1) Give a design image to the trained neural network

2) The neural network converts the image into HTML markup

3) Rendered output

We’ll build the neural network in three iterations.

First, we’ll make a bare minimum version to get a hang of the moving parts. The second version, HTML, will focus on automating all the steps and explaining the neural network layers. In the final version, Bootstrap, we’ll create a model that can generalize and explore the LSTM layer.

All the code is prepared on Github and FloydHub in Jupyter notebooks. All the FloydHub notebooks are inside the floydhub directory and the local equivalents are under local.

The models are based on Beltramelli‘s pix2code paper and Jason Brownlee’s image caption tutorials. The code is written in Python and Keras, a framework on top of TensorFlow.

If you’re new to deep learning, I’d recommend getting a feel for Python, backpropagation, and convolutional neural networks. My three earlier posts on FloydHub’s blog will get you started:

Let’s recap our goal. We want to build a neural network that will generate HTML/CSS markup that corresponds to a screenshot.

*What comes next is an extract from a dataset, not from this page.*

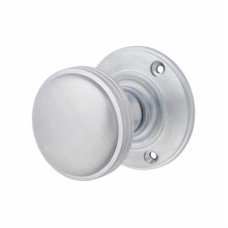 Exel Oxford Mortice Door Knob - 69mm Rose Diameter - Satin Chrome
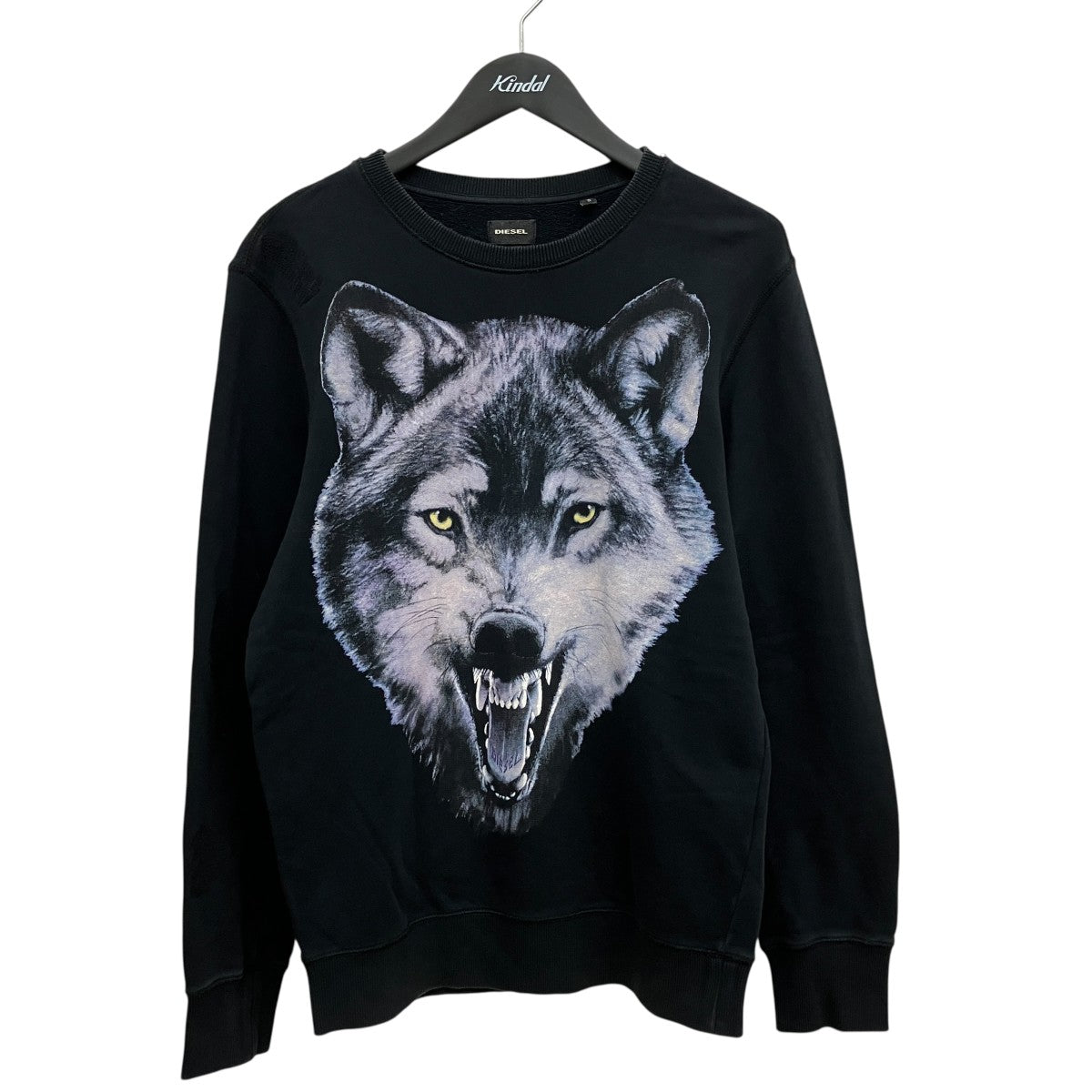 DIESEL ウルフ ダメージ加工トレーナー 古着・中古-1枚目のアイテム画像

When you train the neural network, you give it several screenshots with matching HTML.

It learns by predicting all the matching HTML markup tags one by one. When it predicts the next markup tag, it receives the screenshot as well as all the correct markup tags until that point.

Creating a model that predicts word by word is the most common approach today. There are other approaches, but that’s the method we’ll use throughout this tutorial.

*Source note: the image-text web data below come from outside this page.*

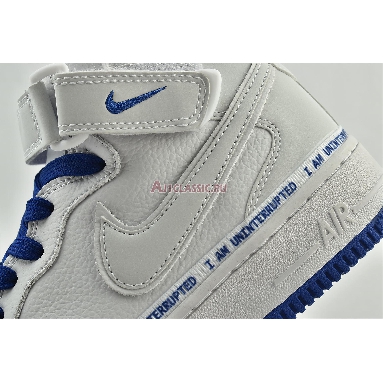 Uninterrupted x Nike Air Force 1 Mid More Than CT1206-600 White/Racer Blue Mens Womens Shoes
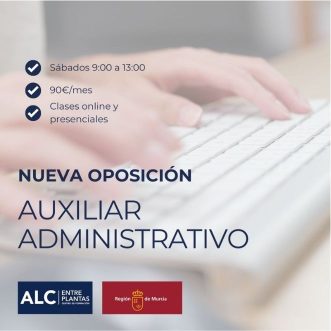 inicio del nuevo grupo de auxiliar administrativo CARM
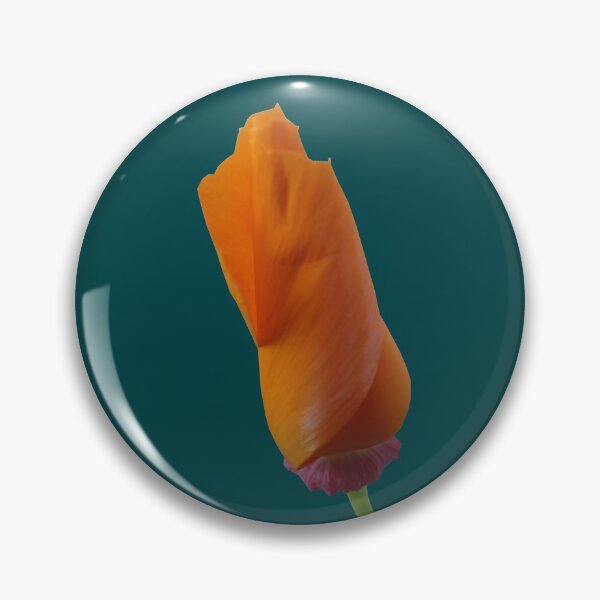Item preview, Orange poppy bud designed and sold by HKathPrint.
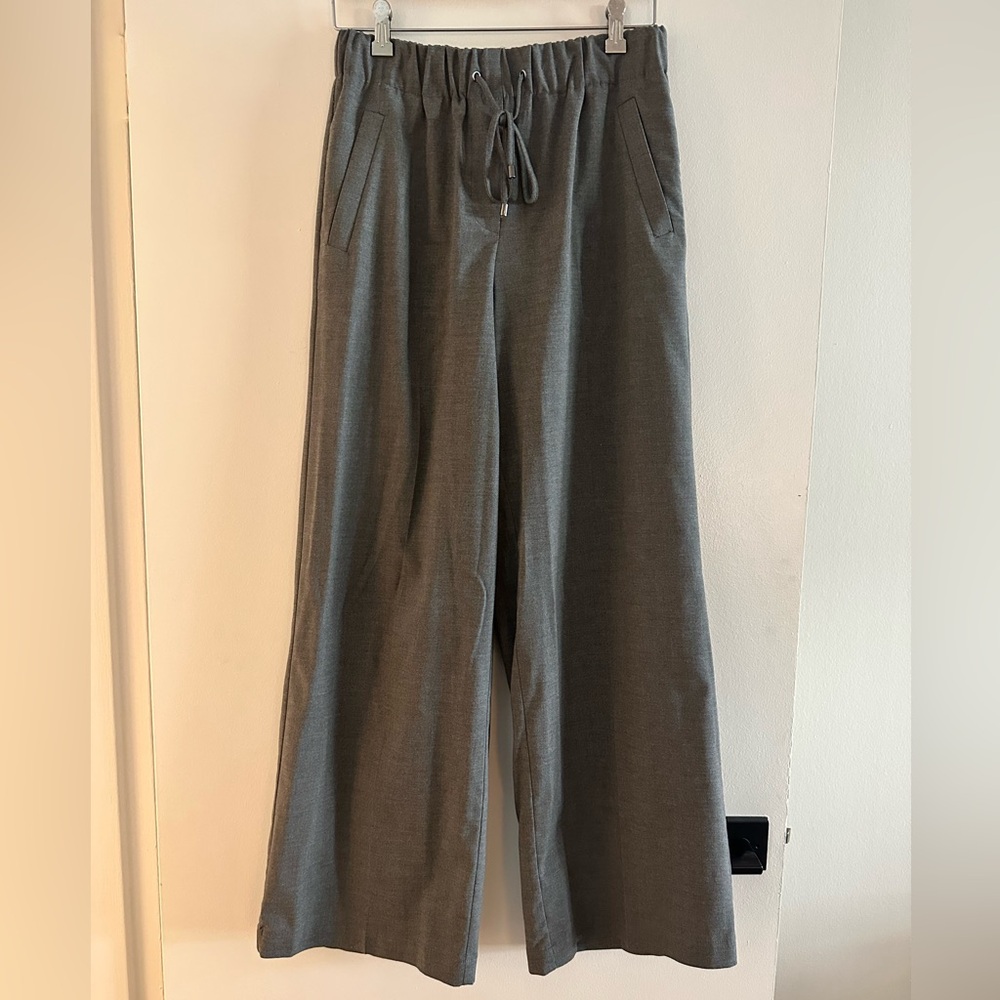 Zara Charcoal Drawstring Trousers
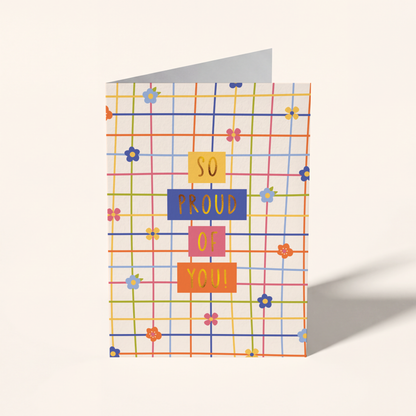 So Proud of You - Congratulations Card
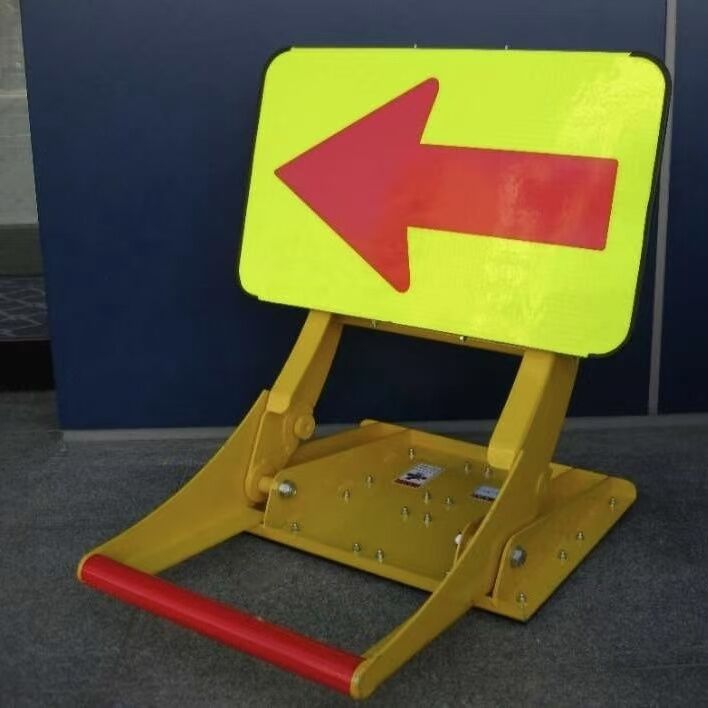 Barricades de véhicules portables HiTOMARUKUN 13,4 kg Durable léger Facile à installer pour la sécurité du contrôle du trafic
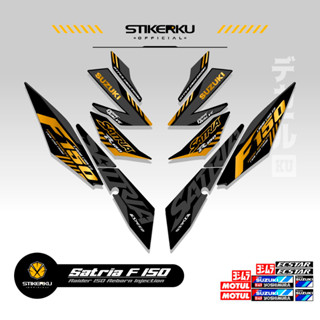 สติกเกอร์ลายทาง SATRIA FU 150 SIMPLE F150 SATRIA F150 2016-2022 STICKER STRIPING SATRIA FU R150 STOCK DECALS RIDER FI R150 SATRIA EDITION Stickerkudecall 10th MOTIF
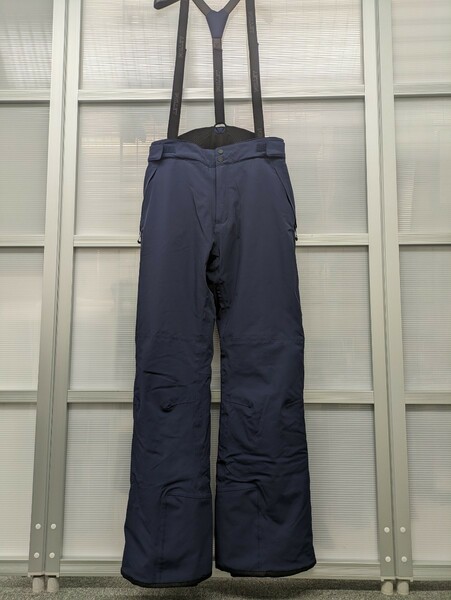 ★美品&即決★ MILLET スノーバシン MIV9220 メンズ L (EU M size) ビブ パンツ ネイビー 中綿 (ミレー SNOWBASIN スキー ウェア PANTS)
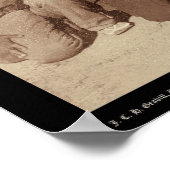 Indische Häuptlinge mit New York World Pennant SD Poster (Ecke)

Notice that for each prediction it gets the same screenshot. So if it has to predict 20 words, it will get the same design mockup twenty times. For now, don’t worry about how the neural network works. Focus on grasping the input and output of the neural network.

Let’s focus on the previous markup. Say we train the network to predict the sentence “I can code.” When it receives “I,” then it predicts “can.” Next time it will receive “I can” and predict “code.” It receives all the previous words and only has to predict the next word.

The neural network creates features from the data. The network builds features to link the input data with the output data. It has to create representations to understand what is in each screenshot, the HTML syntax, that it has predicted. This builds the knowledge to predict the next tag.

When you want to use the trained model for real-world usage, it’s similar to when you train the model. The text is generated one by one with the same screenshot each time. Instead of feeding it with the correct HTML tags, it receives the markup it has generated so far. Then, it predicts the next markup tag. The prediction is initiated with a “start tag” and stops when it predicts an “end tag” or reaches a max limit. Here’s another example in a Google Sheet.

“Hello World” Version

Let’s build a “hello world” version. We’ll feed a neural network a screenshot with a website displaying “Hello World!” and teach it to generate the markup.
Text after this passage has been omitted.